Car B starts at point X and moves clockwise around a circular track at a constant rate of 2 mph. Ten hours later, Car A leaves from point X and travels counter-clockwise around the same circular track at a constant rate of 3 mph. If the radius of the track is 10 miles, for how many hours will Car B have been traveling when the cars have passed each other for the first time and put another 12 miles between them (measured around the curve of the track)?

A. 4pi – 1.6 B. 4pi + 8.4 C. 4pi + 10.4 D. 2pi – 1.6 E. 2pi – 0.8

Step by step analyzes:

B speed: \(2\) mph; A speed: \(3\) mph (travelling in the opposite direction); Track distance: \(2*\pi*r=20*\pi\);

What distance will cover B in 10h: \(10*2=20\) miles Distance between B and A by the time, A starts to travel: \(20*\pi-20\)

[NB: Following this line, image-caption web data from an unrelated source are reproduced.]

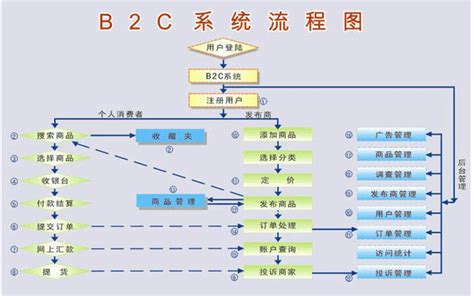 网站建设 > B2C电子商务网站|广州软件开发|广州软件外包|广州 ...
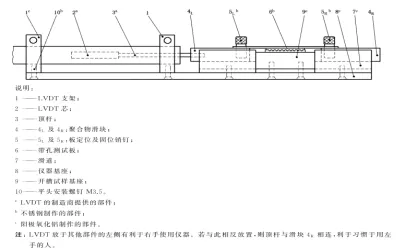 牙科学工作时间试验工装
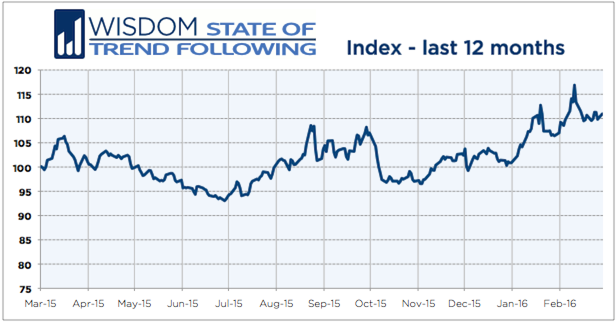 Wisdom State of Trend Following 12 months - February 2016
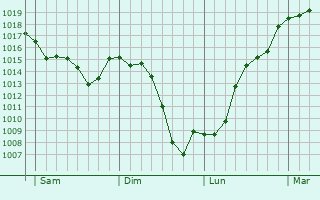 Graphe de la pression atmosphrique prvue pour Villeneuve-la-Comptal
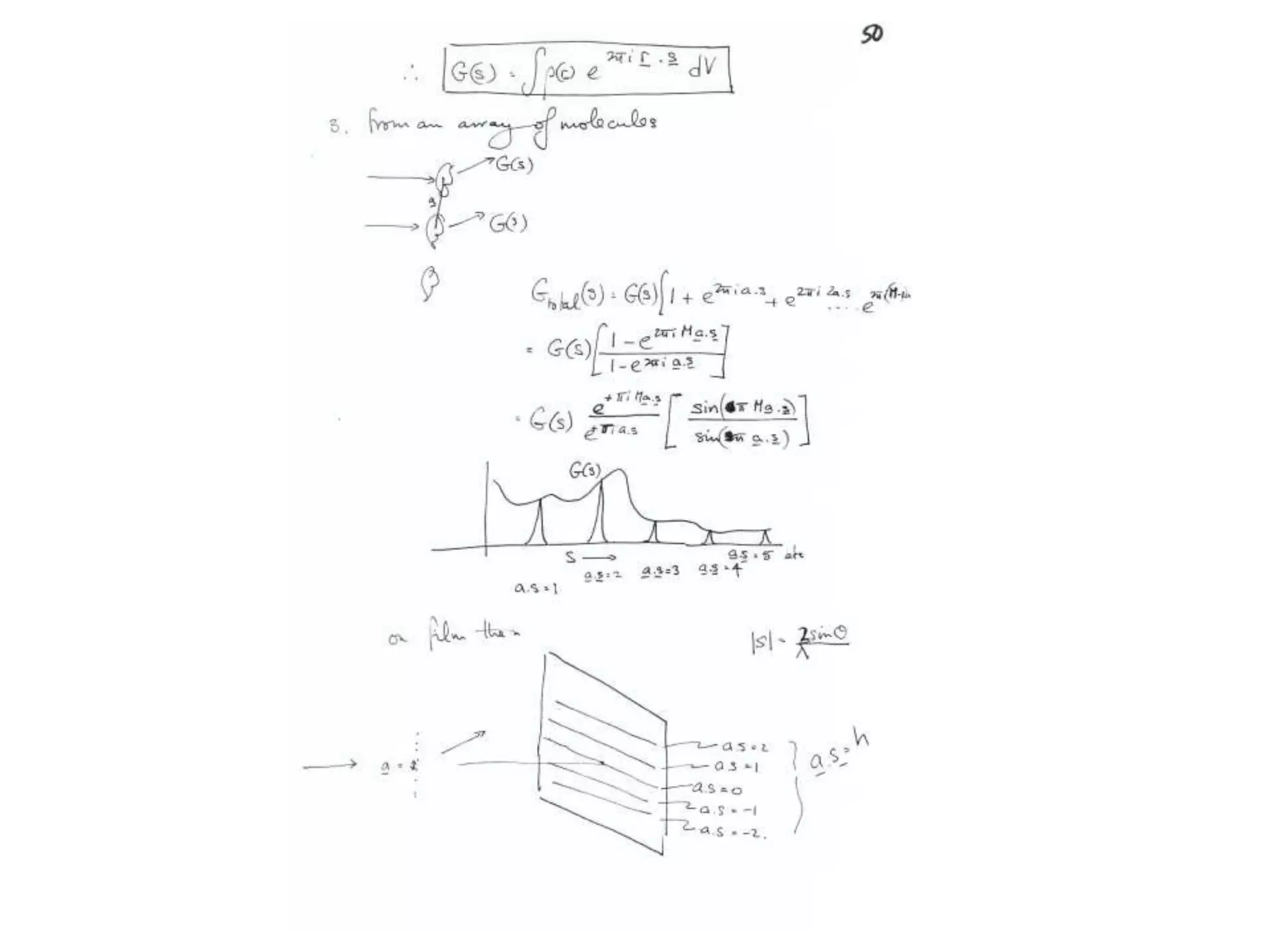 e(iq) =  cos(q) + isin(q)F(S) = Sjfj e(2pirj.S)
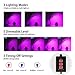 Lovebay Timing Function Dual Head Grow Light 36LED 5 Dimmable Levels Grow Lamp Bulbs with Adjustable 360 Degree Gooseneck for Indoor Plants Hydroponics Greenhouse Gardening [2019 Upgraded]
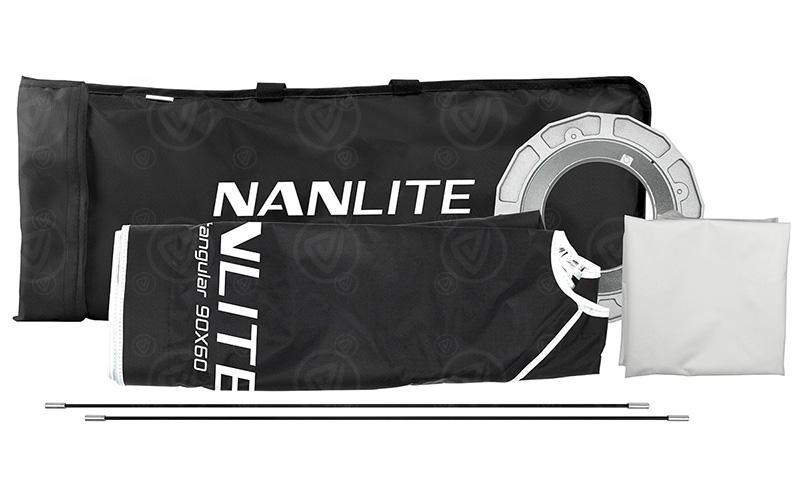 NANLITE Softbox SB-RT-90x60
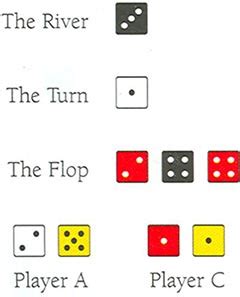 Texas Holdem Yahtzee Rules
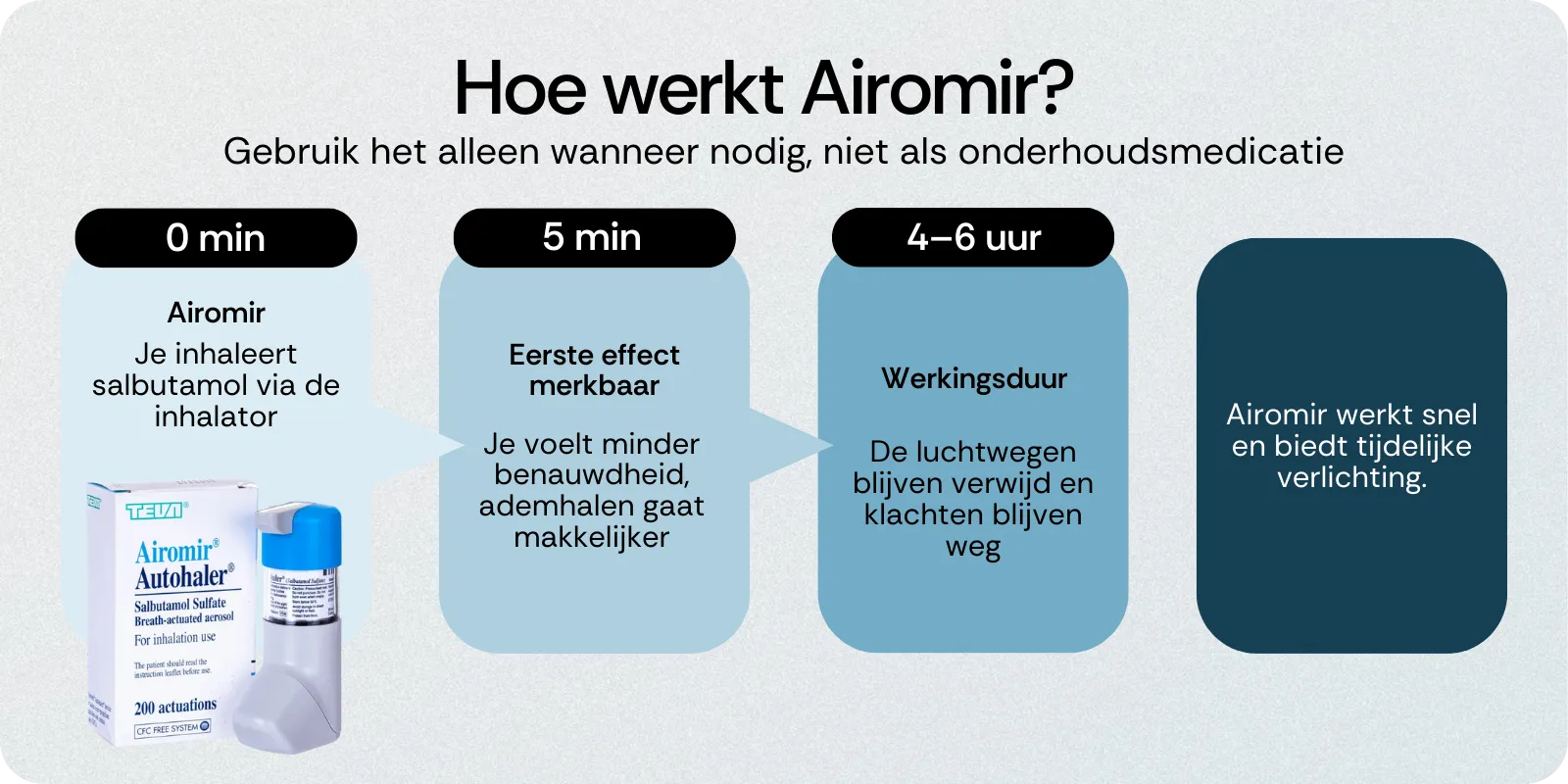 Hoe werkt Airomir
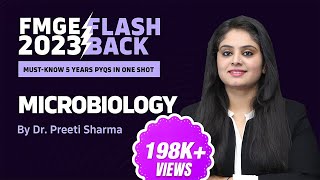 quotMICROBIOLOGYquot FMGE Past 5 Years IMP PYQs by Dr Preeti Sharma  Flashback 2023 [upl. by Odraner508]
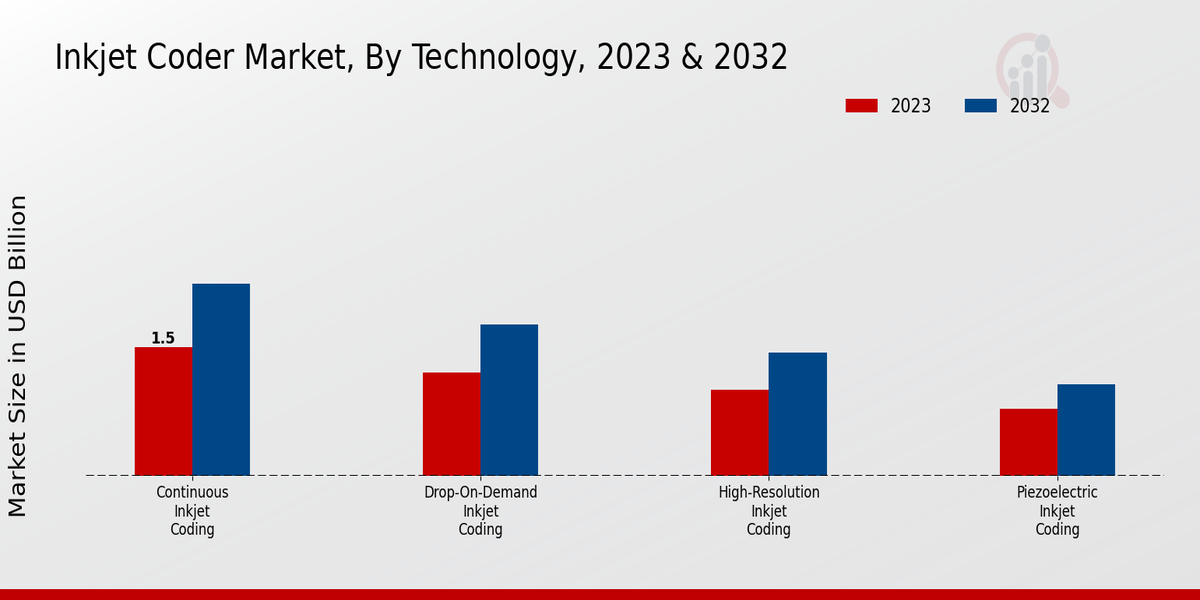 Inkjet Coder Market Overview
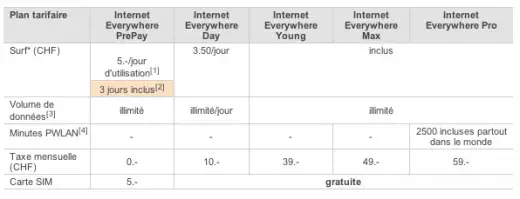 iPad : les tarifs en Suisse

Time needed for A and B to meet distance between them divided by the relative speed: \(\frac{20*\pi-20}{2+3}= \frac{20*\pi-20}{5}=4*\pi-4\), as they are travelling in opposite directions relative speed would be the sum of their rates;

Time needed for A to be 12 miles ahead of B: \(\frac{12}{2+3}=2.4\);

So we have three period of times: Time before A started travelling: \(10\) hours; Time for A and B to meet: \(4*\pi-4\) hours; Time needed for A to be 12 miles ahead of B: \(2.4\) hours;

Re: Car B starts at point X and moves clockwise around [#permalink]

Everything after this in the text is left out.